The ceasefire agreed upon by the state and the CPN(Maoist) a few months ago has come as a great relief to all peaceloving Nepalis. It has ended, even if only for a little while, the ongoing murder and violence between Nepalis that has marked the period of merciless civil war. The war-ravaged economy, industry and commerce, have a chance to recover a little.
Hope has reawoken in the working class: hope for conditions in which honest toil would provide a livelihood. For thousands of Nepalis displaced from their homes and villages by war and insecurity, a slim chance of return is in sight. The situation in the countryside remains more uncertain than in the cities. Fear and terror still run rampant there. Yet even in the countryside, the cycles of killing and being killed largely stopped some time ago. That too is a major achievement. And so, each and every member of civil society declares a heartfelt welcome to the ceasefire and our wish that peace endure.

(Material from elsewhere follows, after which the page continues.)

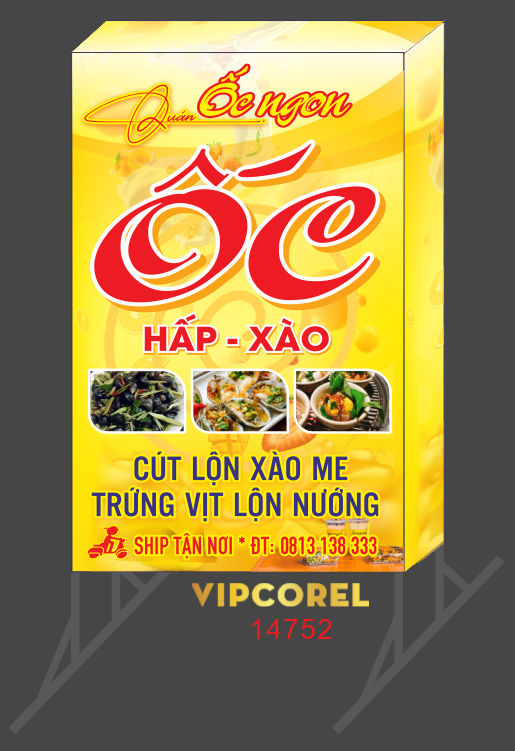 Biển vẫy hộp đèn Quán Ốc ngon file corel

But we seek no mere lifeless husk of peace. We will accept no superficial negotiations or retrogressive agreements. We want a progressive and just peace. We want a lasting peace, one of equality, sovereign dignity and independence.
We call for talks to be held at the earliest possible moment. We call for talks that lay a groundwork, so the peace process can bear fruit. Let the talks forge a path, commonly agreed upon, a path toward resolution of the sharpening crises and contradictions in Nepali society. And let there be no behind-the-scenes preparation for war, or mobilizing of armies, during the period of peace talks - not from any quarter.
Let both sides rigorously respect the terms of the ceasefire. Collectively the people are an infallible monitor of what really goes on in every far flung place. And so, let the common citizenry, each and every one of us, take initiative and action to safeguard the ceasefire.
Let the talks include all sides and let no concerned party be left out. For the talks to succeed and the peace endure, there must be agreement between the state and the main political parties on a core basic issue: the protection and furtherance of the achievements of the 1990 People's Movement. This is an issue of the first importance today. To nurture vigilance and solidarity in civil society, and to create a powerful consensus and people's pressure, are just as essential.
At present various concerned wings of civil society are rushing to found pro-peace campaigns or committees. These spontaneous initiatives are important signs of our desire for peace and our deep concern for the peace talks. All the independent steps being taken by peace advocates are welcome and their spirit should be encouraged. But the necessity of the hour is to unite these efforts so that work on behalf of enduring peace will be powerful and effective.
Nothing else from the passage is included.